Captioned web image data
>>>>>

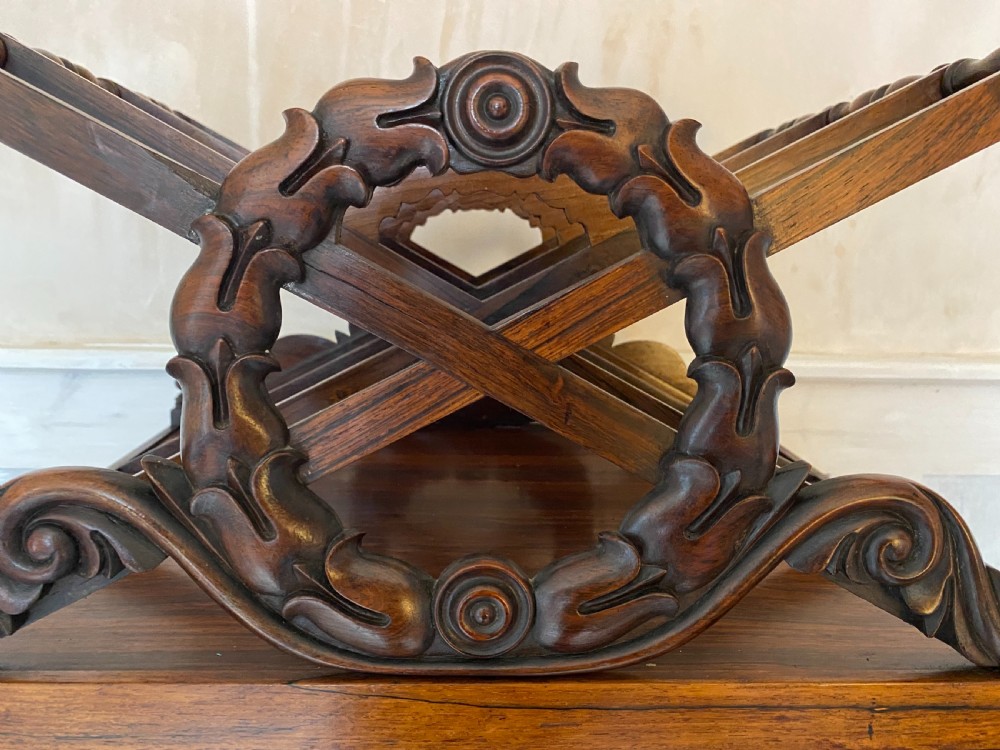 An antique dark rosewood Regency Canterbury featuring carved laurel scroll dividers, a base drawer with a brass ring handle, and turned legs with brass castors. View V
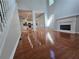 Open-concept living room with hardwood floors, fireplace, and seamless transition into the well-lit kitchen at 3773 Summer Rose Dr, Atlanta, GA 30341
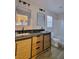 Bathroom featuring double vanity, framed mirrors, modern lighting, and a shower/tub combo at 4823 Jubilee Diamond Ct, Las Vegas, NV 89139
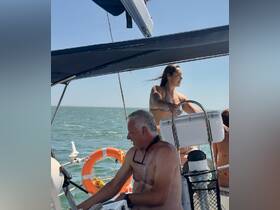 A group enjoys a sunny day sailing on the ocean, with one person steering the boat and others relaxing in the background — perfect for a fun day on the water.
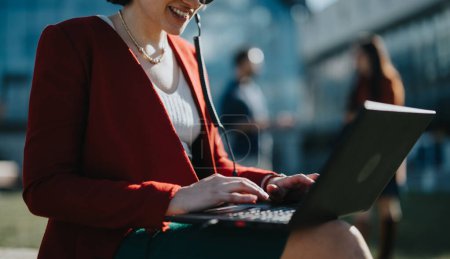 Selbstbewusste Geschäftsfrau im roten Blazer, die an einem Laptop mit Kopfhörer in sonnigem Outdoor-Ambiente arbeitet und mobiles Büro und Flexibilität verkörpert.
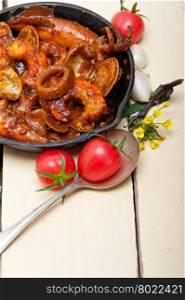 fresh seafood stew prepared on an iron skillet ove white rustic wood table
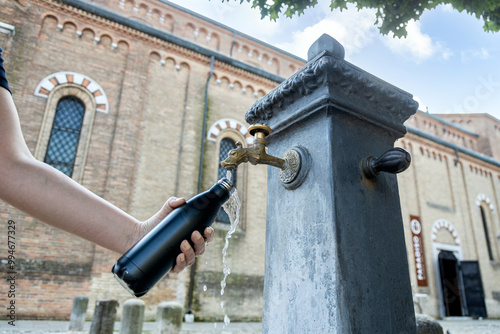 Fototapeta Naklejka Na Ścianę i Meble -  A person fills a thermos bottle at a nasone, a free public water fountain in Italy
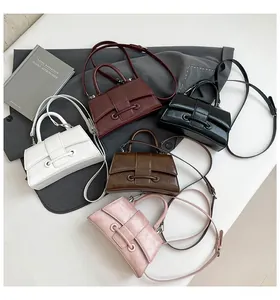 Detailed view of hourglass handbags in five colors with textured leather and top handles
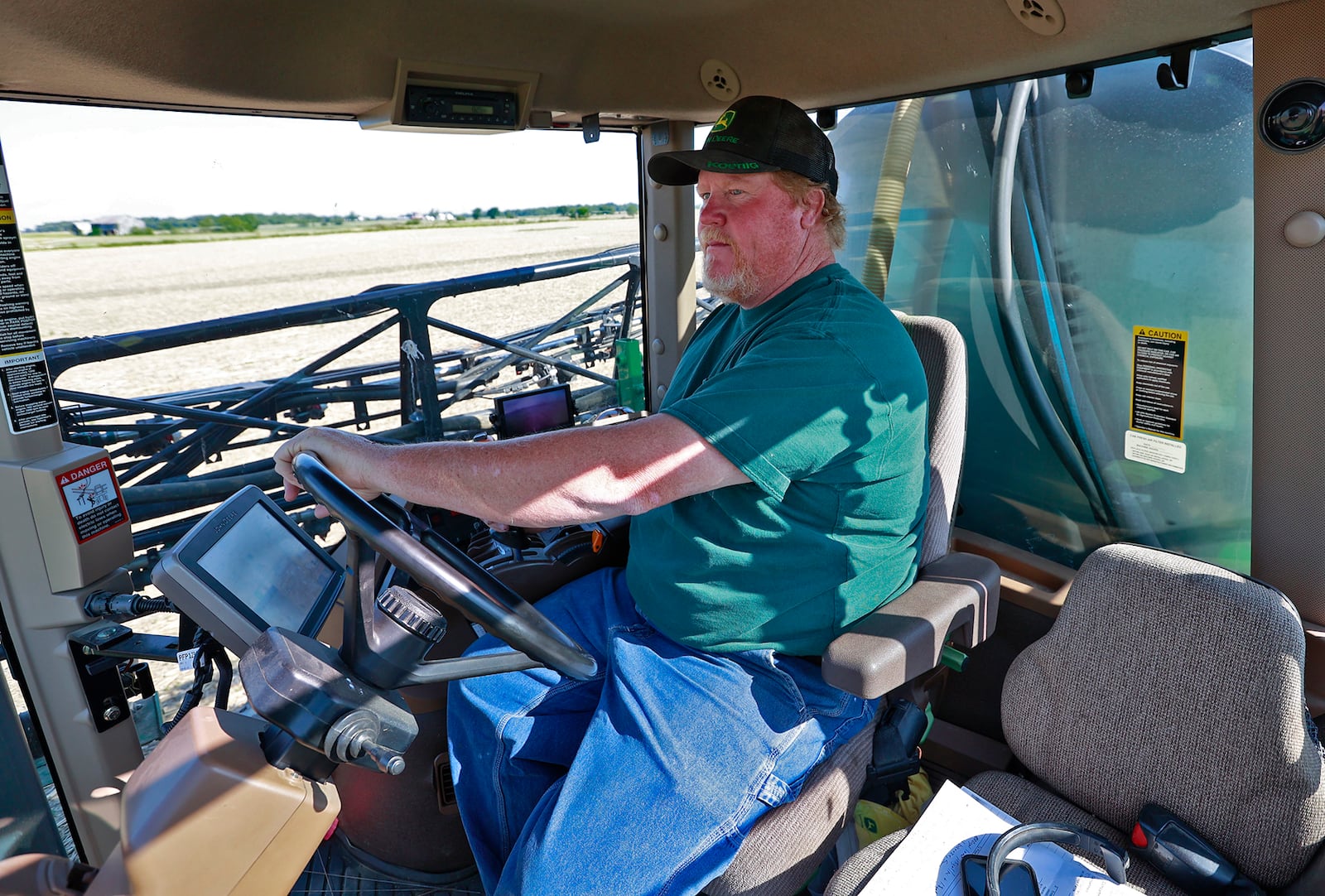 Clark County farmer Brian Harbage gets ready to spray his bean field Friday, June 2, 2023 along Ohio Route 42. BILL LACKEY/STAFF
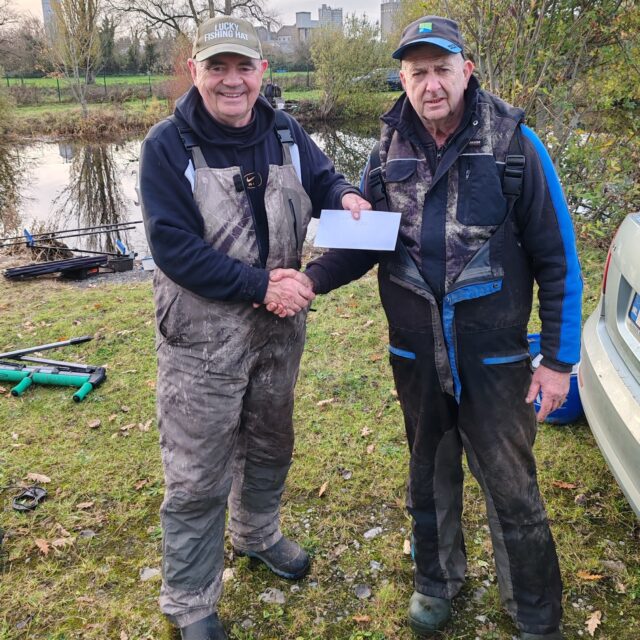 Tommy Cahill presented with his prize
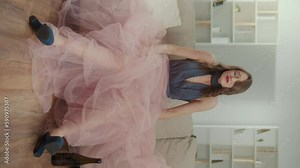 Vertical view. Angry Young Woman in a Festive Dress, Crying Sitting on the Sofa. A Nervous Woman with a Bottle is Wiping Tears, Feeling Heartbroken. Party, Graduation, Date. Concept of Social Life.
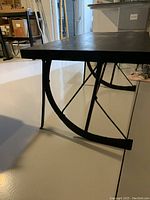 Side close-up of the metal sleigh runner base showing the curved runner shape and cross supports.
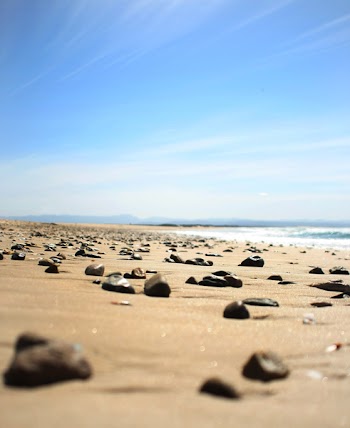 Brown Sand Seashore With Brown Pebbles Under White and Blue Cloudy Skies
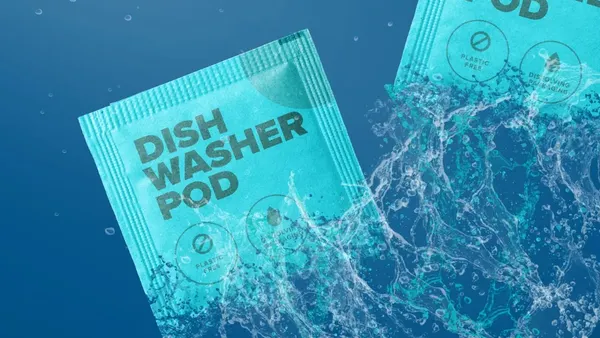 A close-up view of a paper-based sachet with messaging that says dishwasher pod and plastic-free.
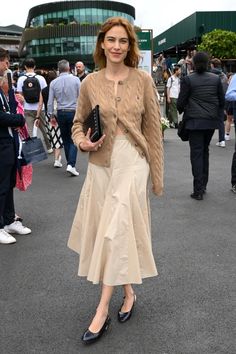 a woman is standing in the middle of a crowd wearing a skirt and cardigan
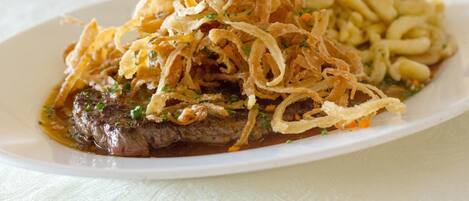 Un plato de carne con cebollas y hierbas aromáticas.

<<<<<

*About this task*:
In the records above, find the line that contains "Tommy Cahill presented with his prize". Print it and every later line exactly, omitting the pictures.

*The answer*:
 Tommy Cahill presented with his prize
 Vertical view. Angry Young Woman in a Festive Dress, Crying Sitting on the Sofa. A Nervous Woman with a Bottle is Wiping Tears, Feeling Heartbroken. Party, Graduation, Date. Concept of Social Life.
 Side close-up of the metal sleigh runner base showing the curved runner shape and cross supports.
 Brown Sand Seashore With Brown Pebbles Under White and Blue Cloudy Skies
 A close-up view of a paper-based sachet with messaging that says dishwasher pod and plastic-free.
 a woman is standing in the middle of a crowd wearing a skirt and cardigan
 Un plato de carne con cebollas y hierbas aromáticas.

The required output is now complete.